Lara Szewczak and Brian Plosky
Messenger RNAs are largely of low abundance with limited lifetimes. Combating the experimental challenge of measuring RNAs in living cells, Miller et al. (2011) apply a combination of experimental and computational approaches to look at mRNA synthesis and decay in yeast with minimal perturbations to the cells. The trick, which has been previously applied in cells from other organisms, is to induce the cells to incorporate a nucleoside analog, 4-thiouridine, to enable selective isolation of newly synthesized transcripts. Microarray analysis of the selected mRNAs from more than 4000 yeast genes enables quantitative analysis of mRNA synthesis over time, and this information, coupled with decay rates, provides a cellular view on the dynamics of mRNA biogenesis and stability.
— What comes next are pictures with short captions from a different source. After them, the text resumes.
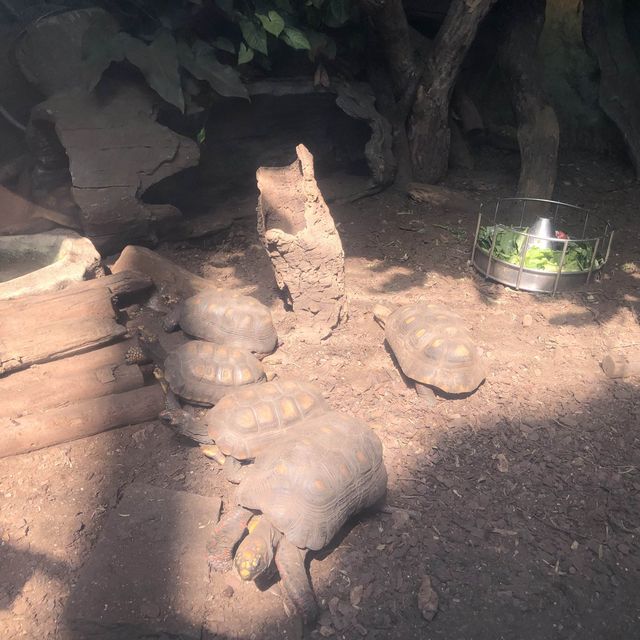 海洋公園遊記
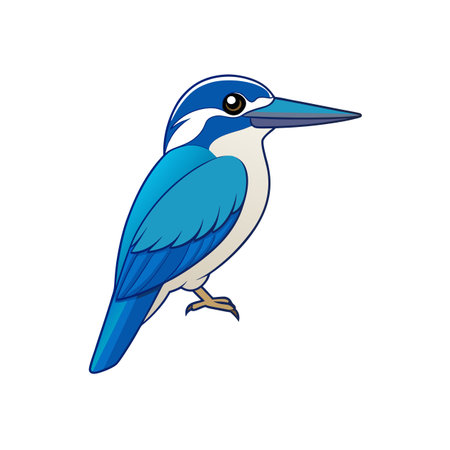 Isolated blue and white kingfisher vector illustration imageのイラスト素材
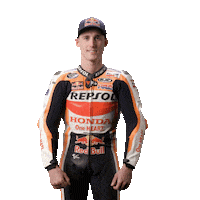 Honda Sport Sticker by MotoGP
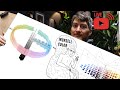 BIG BRAIN Color Theory : The Munsell Color System and How to USE IT as a Painter - then Live Demo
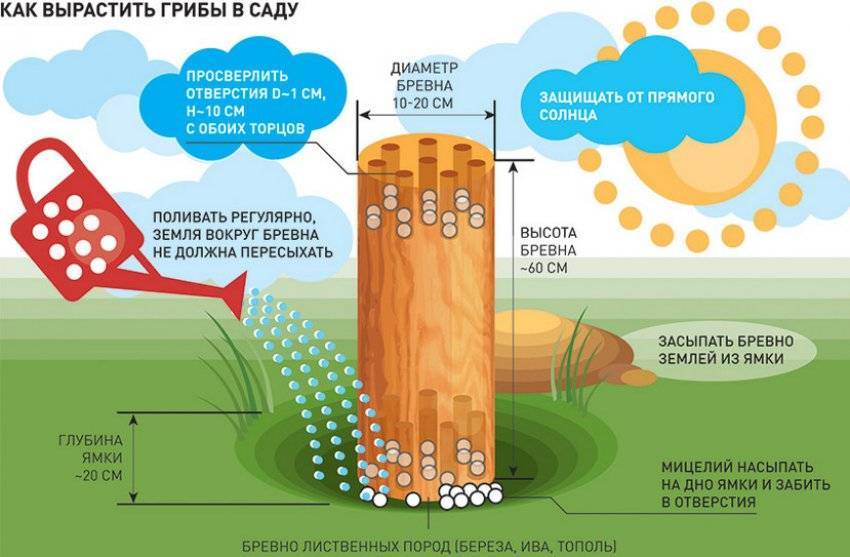 Грибы осенью: где искать шампиньоны, с чем можно спутать, можно ли вырастить на своём участке?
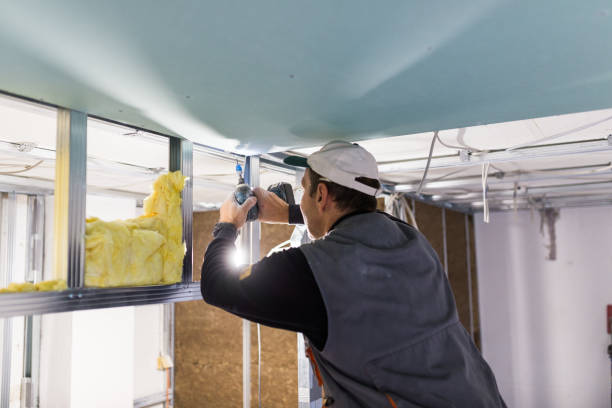 Best Residential Insulation in Cedar Heights, MD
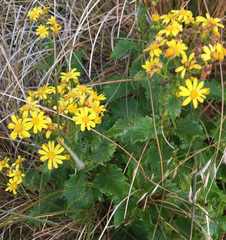 Senecio rufiglandulosus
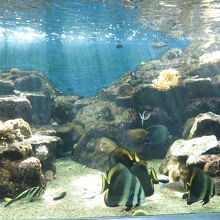 京大白浜水族館水槽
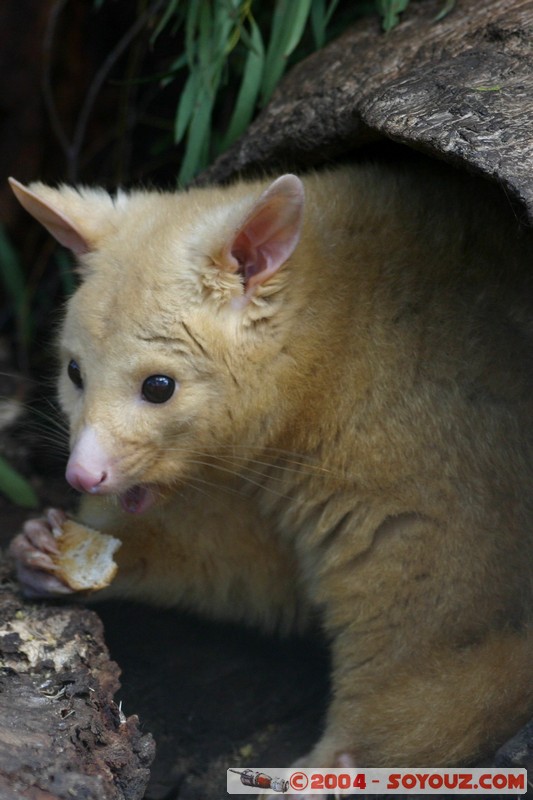 Australian animals - Golden Brushtail Possum
Mots-clés: animals animals Australia Golden Brushtail Possum Possum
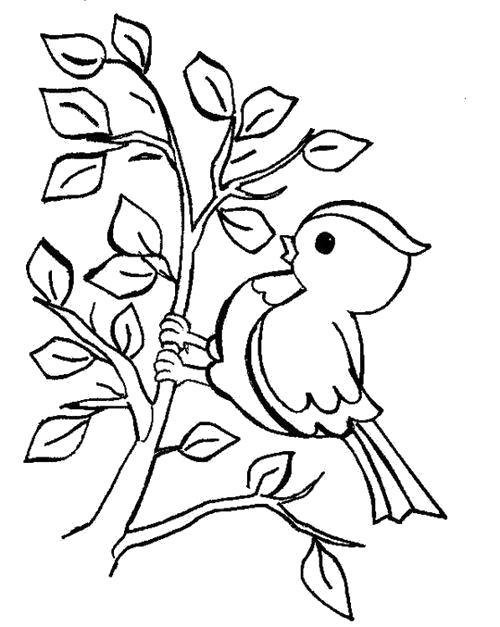 Птицы. Раскраска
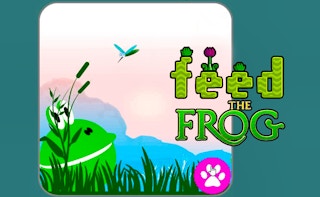 Image Hunt - Feed the Frog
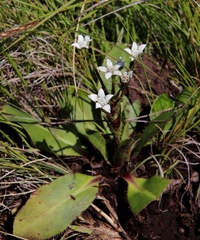 Alepidea natalensis
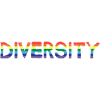 Diversity Diversity Rainbow Flag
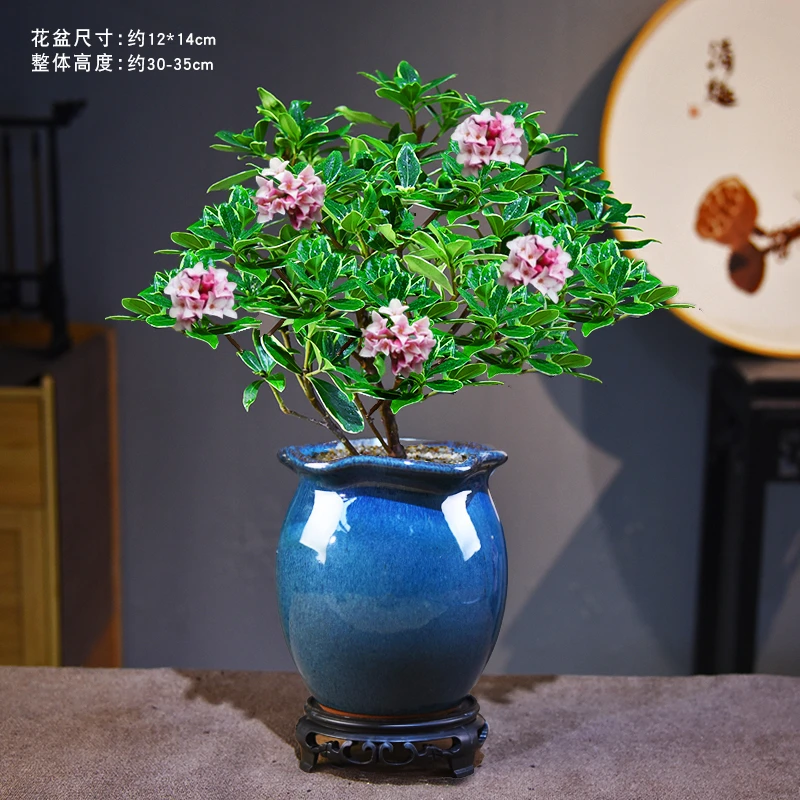 金边瑞香花鲜活室内好养开花卉绿植物盆栽盆景客厅办公茶桌面自然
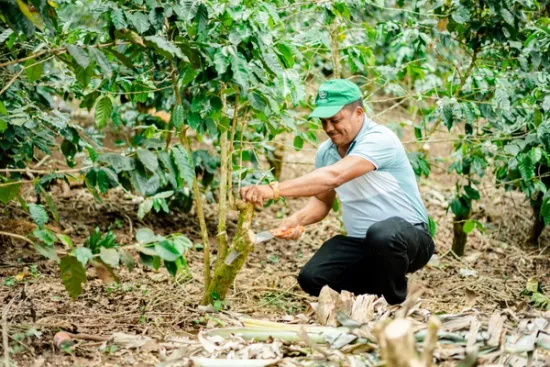 Sipping Sustainably: The Eco-Friendly Rise of Coffee Concentrates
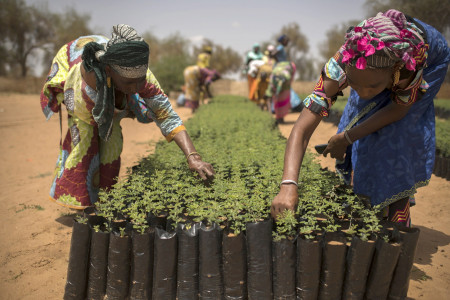 <p>Mujeres trabajando en un semillero en Senegal. </p>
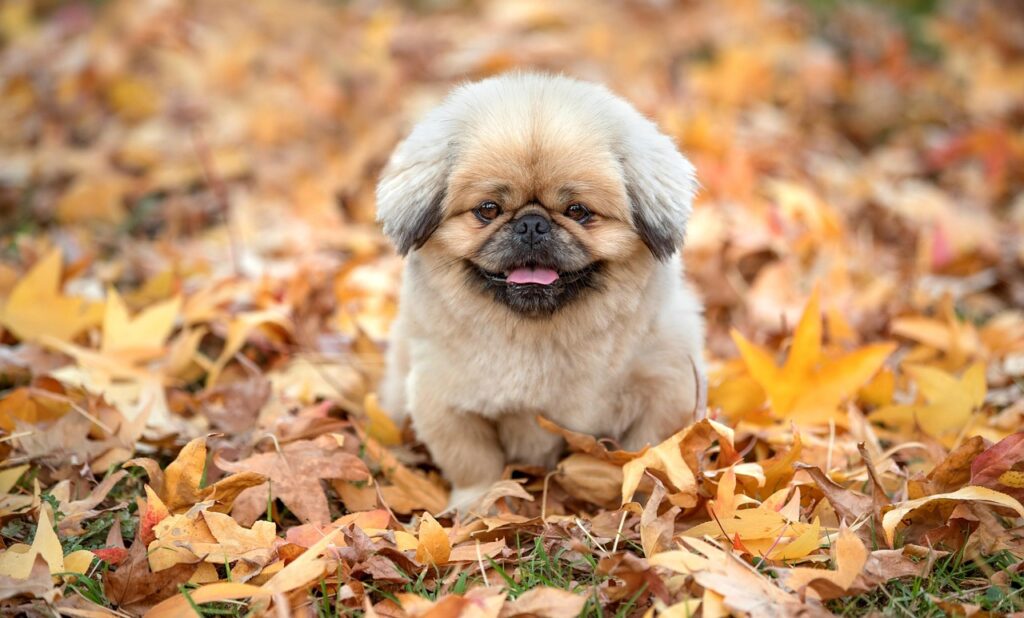 尿もれ治療に効果的な薬はどれですか？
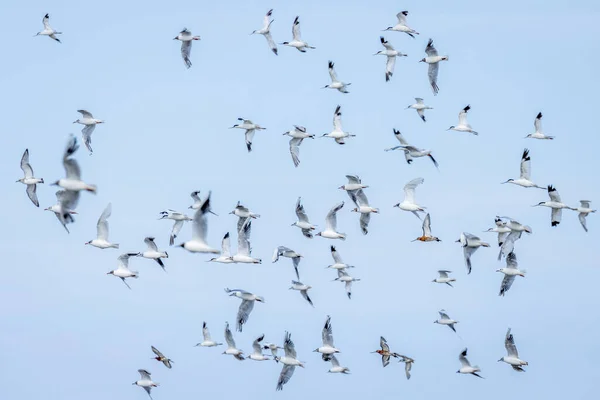 Una Bandada Aves Marinas Voladoras Aguacates Godwit Gaviotas Cabeza Negra — Foto de Stock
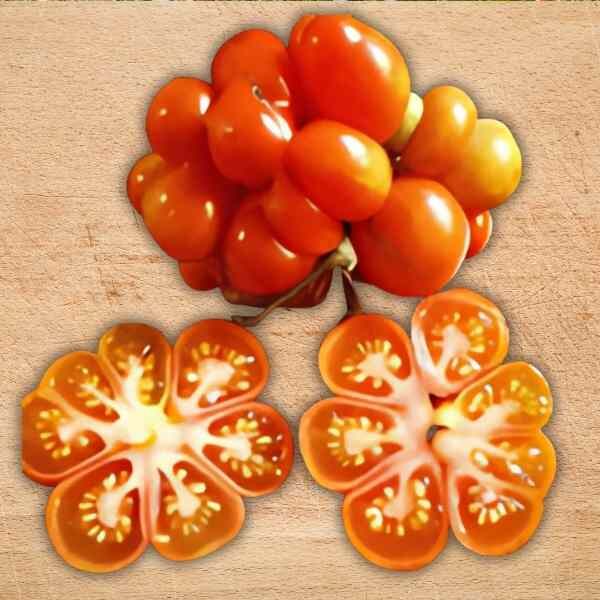 tomato-reistomate-seeds-1 tomato-reistomate-seeds-1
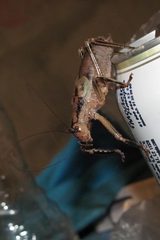 Nesoecia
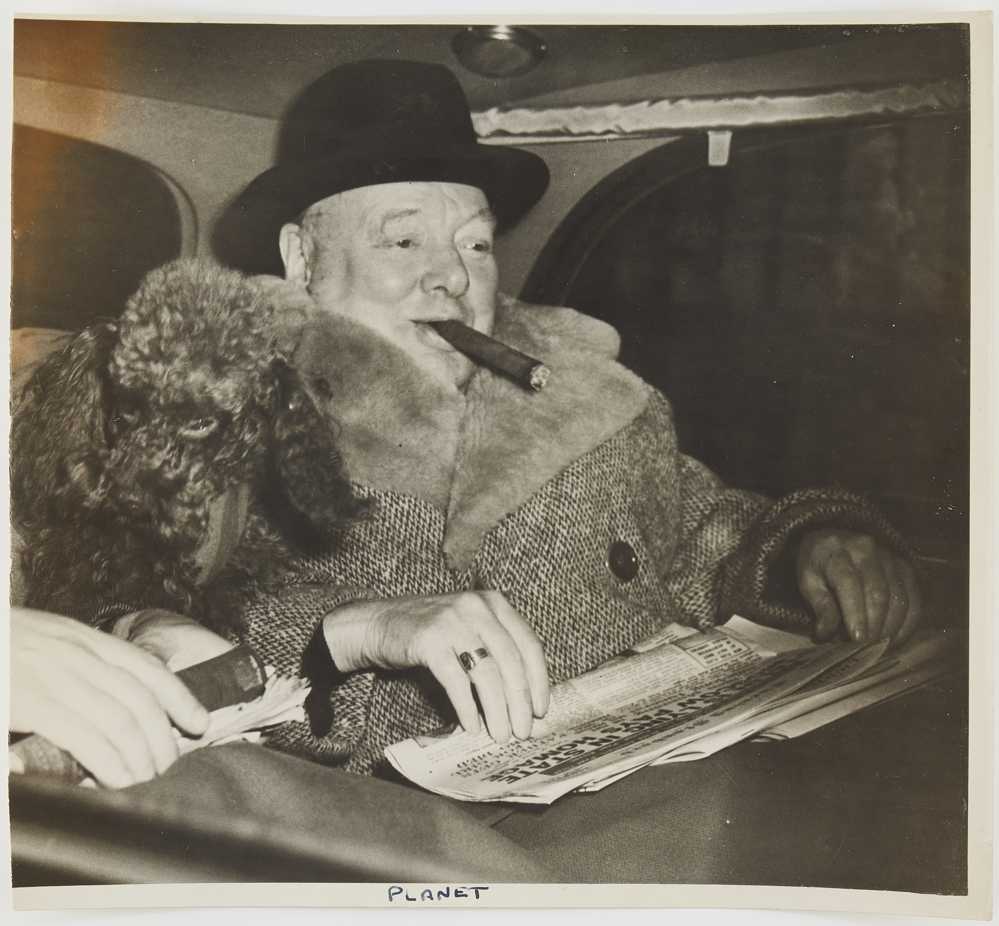 Photograph of Winston Churchill seated in car with poodle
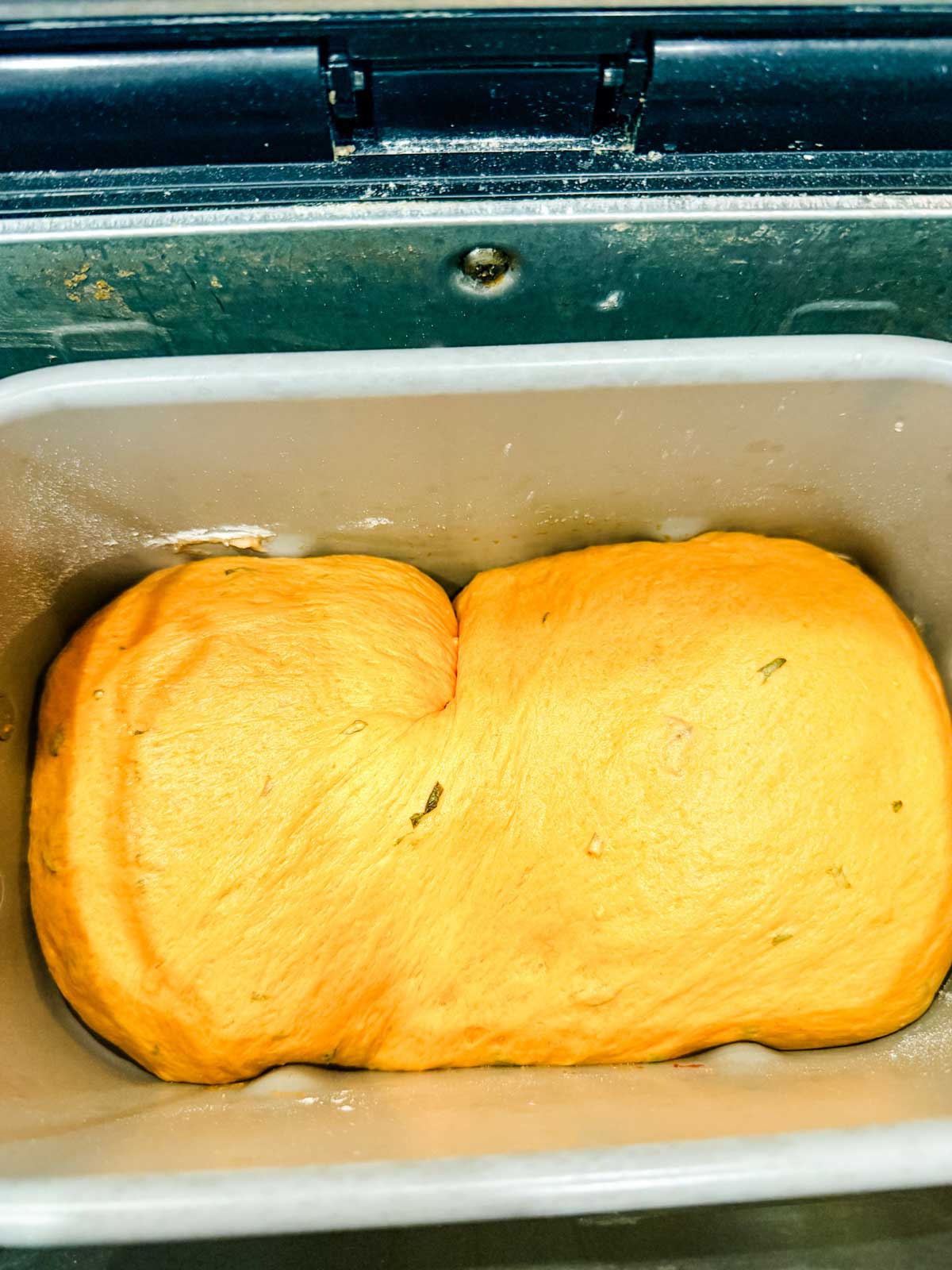 A close-up of orange-colored bread dough with herbs, rising inside a bread machine pan before baking.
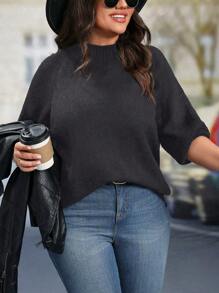 SHEIN LUNE Plus Size Women Stand Collar Solid Color Raglan Sleeve Long Sleeve Casual Pullover Sweater, Autumn/Winter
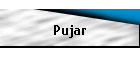 Pujar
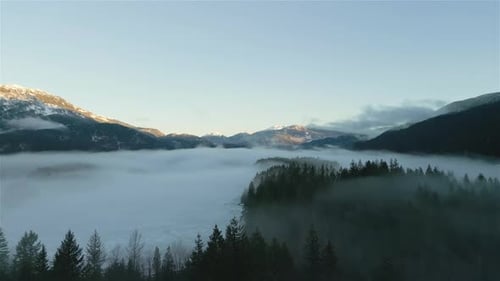 Green Trees in Forest with Fog and Mountains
The results confirm the general idea that most mRNAs are fleeting members of the cellular community, with only a few copies of each mRNA being made in a given cell cycle. The authors also find that transcription and decay can recur for a given sequence repeatedly during the cell cycle. Not unexpectedly, the two processes are uncoupled under basal conditions. However, the pattern changes during a stress response. For example, osmotic shock leads to a transient coregulation between the processes. During the first stage of the cellular response, both mRNA synthesis and decay are repressed as the cells hunker down to protect the resources that they have, followed by a increase in both synthesis and decay as response genes ride to the rescue in a short-term response and are then hustled away to make way for a return to homeostasis. Analysis of these cell-wide patterns also highlights new factors that are involved in the osmotic stress response and suggests candidate protein-protein interactions between transcription factors driving the response. The general utility of the approach will pave the way for similar analyses in diverse cell types, enabling a fine-scale dissection of mRNA dynamics in response to a variety of conditions.
Miller, C., et al. (2011). Mol. Syst. Biol. 7, 458.